A major production advantage of MDF compared with other wood based sheet materials is the relative ease of finishing panel edges without the need for time consuming filling treatments or the application of lippings or other adhesive bonded edging materials. This characteristic derives from the substantially uniform density gradient across the thickness of MDF and the absence of core voids.
MDF panel edges should be cleanly cut with sharp tools and be free from saw or cutter marks. The high cutting speeds and controlled feed rates associated with CNC routers are particularly advantageous producing smooth edges requiring a minimum preparation before finishing.
Panel edges can be sanded with any one of a number of different profile sanders chosen with regard to the shape of the profile and the scale of production. Apart from hand sanding with flexible blocks, possible systems include sanding stars, woodworking grinding wheels, flexible belt sanders with moulded pad backing or profiled sanding heads. As a general rule 80/100 grit should he used for the removal of cutter marks, and 120/150 grit as a final treatment before finishing.
More companies are changing over to woodworking grinding wheels, partly because of their ability to maintain the detail of complicated mouldings during long runs but also because the frictional heat generated at the point of contact is thought to have a burnishing effect on the MDF edge reducing the uptake of sealer.
Absorption of lacquer or paint into the machined edges of MDF can be prevented by the application of an appropriate sealer.
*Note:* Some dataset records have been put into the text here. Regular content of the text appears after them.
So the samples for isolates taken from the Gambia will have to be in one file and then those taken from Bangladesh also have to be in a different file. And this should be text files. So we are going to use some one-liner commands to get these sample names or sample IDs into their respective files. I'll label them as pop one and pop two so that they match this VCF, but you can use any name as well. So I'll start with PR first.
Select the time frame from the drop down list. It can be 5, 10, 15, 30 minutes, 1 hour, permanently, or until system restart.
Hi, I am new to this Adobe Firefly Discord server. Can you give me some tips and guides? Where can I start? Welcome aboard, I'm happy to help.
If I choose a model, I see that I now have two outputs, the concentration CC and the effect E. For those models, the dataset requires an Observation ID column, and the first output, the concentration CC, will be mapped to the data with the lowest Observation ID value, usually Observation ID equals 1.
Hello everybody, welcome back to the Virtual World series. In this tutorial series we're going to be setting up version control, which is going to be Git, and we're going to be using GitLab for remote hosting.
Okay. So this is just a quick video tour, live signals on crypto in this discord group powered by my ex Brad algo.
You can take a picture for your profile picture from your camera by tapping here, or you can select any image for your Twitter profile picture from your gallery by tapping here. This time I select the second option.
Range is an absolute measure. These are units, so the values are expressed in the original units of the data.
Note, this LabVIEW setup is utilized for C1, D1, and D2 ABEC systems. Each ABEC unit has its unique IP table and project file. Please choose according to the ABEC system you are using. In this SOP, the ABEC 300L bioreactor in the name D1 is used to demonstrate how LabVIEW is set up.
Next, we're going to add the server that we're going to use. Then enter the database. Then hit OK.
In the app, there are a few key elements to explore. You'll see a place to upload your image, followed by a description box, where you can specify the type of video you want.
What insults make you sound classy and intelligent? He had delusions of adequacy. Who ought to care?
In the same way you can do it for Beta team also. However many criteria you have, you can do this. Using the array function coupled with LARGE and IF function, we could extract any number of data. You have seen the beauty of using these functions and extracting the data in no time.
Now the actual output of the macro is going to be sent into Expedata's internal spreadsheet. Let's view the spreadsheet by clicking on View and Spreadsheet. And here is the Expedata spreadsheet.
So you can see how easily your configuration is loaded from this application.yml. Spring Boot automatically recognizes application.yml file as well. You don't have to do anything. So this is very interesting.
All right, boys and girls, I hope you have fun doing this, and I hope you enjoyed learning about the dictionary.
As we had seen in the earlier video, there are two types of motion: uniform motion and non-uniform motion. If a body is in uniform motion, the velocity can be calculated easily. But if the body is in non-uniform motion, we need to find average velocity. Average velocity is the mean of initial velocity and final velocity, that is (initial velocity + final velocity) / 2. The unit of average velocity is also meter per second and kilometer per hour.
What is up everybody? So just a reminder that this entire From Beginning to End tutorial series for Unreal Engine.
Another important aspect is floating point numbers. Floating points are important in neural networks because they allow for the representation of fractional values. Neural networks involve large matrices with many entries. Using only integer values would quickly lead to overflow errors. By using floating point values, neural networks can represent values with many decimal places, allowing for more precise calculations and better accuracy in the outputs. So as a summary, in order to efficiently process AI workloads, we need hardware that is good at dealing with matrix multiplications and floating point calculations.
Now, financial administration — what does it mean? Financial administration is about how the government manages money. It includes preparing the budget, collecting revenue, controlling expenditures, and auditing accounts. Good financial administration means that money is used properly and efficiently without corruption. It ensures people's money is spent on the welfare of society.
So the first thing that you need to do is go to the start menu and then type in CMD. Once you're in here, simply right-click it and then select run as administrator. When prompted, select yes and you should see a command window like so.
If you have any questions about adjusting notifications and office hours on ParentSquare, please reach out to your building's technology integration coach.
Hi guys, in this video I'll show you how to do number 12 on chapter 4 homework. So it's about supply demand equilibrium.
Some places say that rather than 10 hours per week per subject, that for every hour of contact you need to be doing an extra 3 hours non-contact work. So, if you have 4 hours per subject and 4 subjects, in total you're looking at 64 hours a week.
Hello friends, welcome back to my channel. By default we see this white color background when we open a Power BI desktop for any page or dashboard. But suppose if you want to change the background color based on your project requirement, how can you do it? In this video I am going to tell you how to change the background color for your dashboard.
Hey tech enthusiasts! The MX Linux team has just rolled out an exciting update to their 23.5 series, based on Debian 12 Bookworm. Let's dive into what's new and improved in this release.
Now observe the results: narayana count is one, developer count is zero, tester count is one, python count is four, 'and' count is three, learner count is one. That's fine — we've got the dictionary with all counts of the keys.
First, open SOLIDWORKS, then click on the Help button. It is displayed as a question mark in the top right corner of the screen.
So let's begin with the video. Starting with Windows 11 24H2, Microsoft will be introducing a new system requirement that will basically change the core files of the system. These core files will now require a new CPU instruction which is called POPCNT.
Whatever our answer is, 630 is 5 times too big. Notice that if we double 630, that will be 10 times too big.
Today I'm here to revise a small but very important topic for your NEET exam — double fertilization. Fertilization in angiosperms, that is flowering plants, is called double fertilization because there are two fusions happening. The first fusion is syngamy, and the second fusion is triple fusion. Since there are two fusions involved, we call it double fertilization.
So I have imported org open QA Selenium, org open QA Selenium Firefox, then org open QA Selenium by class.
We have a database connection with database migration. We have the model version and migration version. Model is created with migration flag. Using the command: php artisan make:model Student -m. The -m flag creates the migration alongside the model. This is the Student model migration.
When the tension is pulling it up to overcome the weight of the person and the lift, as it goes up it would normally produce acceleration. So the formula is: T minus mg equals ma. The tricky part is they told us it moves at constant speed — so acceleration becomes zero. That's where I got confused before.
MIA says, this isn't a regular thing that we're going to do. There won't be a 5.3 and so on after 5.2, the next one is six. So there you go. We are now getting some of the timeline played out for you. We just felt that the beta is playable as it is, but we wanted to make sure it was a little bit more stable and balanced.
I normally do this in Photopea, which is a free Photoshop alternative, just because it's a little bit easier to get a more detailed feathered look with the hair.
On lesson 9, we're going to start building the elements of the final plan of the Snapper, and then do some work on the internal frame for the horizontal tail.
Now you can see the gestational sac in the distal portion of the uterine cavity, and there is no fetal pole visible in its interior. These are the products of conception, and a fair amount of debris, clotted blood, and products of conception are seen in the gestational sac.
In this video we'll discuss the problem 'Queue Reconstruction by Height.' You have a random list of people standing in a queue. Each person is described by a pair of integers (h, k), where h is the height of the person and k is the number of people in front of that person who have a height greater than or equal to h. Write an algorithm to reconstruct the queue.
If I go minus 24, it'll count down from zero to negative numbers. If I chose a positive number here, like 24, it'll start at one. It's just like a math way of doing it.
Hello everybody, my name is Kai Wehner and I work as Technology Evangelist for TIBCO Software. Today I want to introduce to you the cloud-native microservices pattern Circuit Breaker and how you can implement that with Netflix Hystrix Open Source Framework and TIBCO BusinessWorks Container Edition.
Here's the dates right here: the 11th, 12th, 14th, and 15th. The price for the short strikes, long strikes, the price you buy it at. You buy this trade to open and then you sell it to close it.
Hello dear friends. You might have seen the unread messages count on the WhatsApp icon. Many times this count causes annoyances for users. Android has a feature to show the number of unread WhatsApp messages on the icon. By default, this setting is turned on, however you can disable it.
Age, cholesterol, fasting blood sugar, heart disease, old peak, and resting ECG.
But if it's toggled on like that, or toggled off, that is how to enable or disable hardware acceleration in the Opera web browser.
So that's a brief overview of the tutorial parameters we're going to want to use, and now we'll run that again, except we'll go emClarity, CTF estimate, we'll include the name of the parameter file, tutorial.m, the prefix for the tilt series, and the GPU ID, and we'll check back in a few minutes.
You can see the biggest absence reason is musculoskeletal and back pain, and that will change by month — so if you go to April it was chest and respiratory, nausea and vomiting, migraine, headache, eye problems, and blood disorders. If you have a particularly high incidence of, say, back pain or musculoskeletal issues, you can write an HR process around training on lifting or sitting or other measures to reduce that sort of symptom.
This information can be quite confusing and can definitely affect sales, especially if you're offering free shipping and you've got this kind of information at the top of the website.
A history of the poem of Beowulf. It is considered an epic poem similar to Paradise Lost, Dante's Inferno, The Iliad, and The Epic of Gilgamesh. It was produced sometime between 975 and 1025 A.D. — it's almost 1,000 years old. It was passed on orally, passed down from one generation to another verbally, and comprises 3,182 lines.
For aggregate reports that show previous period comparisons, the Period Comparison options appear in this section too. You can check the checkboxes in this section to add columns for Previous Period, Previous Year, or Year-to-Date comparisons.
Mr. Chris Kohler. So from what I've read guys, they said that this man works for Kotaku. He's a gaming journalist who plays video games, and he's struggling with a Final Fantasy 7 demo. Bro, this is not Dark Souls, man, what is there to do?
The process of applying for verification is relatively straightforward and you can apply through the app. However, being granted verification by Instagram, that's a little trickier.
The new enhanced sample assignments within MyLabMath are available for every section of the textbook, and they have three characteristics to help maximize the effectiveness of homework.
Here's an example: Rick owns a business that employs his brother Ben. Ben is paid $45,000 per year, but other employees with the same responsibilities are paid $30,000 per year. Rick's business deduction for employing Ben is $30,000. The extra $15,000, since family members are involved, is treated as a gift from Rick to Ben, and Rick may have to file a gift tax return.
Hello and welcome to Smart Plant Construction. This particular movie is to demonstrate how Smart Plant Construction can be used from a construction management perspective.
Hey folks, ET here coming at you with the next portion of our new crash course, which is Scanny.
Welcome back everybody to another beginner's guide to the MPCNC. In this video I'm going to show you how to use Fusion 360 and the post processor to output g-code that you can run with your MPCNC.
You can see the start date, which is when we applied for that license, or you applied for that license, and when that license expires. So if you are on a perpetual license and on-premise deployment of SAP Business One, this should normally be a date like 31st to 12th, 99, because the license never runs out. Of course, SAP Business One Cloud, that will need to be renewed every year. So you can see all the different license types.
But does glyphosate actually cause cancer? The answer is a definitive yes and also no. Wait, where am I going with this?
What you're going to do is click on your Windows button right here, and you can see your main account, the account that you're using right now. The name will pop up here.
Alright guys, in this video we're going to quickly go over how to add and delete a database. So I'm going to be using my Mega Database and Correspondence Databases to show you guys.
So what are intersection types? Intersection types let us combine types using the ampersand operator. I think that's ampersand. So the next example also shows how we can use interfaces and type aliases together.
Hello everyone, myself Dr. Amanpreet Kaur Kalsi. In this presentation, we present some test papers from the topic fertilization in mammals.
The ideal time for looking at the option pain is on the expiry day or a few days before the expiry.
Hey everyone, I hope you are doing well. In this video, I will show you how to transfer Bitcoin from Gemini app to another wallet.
Several different resin types including shellac, sanding sealer and diluted polyvinyl acetate (PVAC) adhesive have been used for this purpose with varying degrees of success. Nowadays, the best results are obtained with specially formulated, high solids sealers based on two component catalysed resins, polyurethane, polyester and acid catalysed systems in particular. These materials effectively seal any porosity in the edges of the MDF and, advantageously, the cured film is resistant to softening by solvents in subsequently applied finishing materials
The following procedure is recommended when using two component, catalysed sealers:
Apply sealer to board edges by wiping, brush, roller or spray.
Allow the sealer to cure for the suppliers specified period at room temperature. A shorter period at elevated temperature may be acceptable subject to a minimum flash off time before applying heat.
Denib by hand using 360 grit paper, a flexible pad, or abrasive brush fitted to an air operated grinder.
On automated lines, the sealed edges can be denibbed automatically using an abrasive brush or sanding disc.
The sealed edge can be stained, if required, and then finished with one or two coats of clear or tinted lacquer to match the finish on the surface. Alternatively, the surfaces and sealed edges can be finished with one or two coats of paint. Assurance of compatibility of sealer, stain and lacquer should be obtained from the suppliers.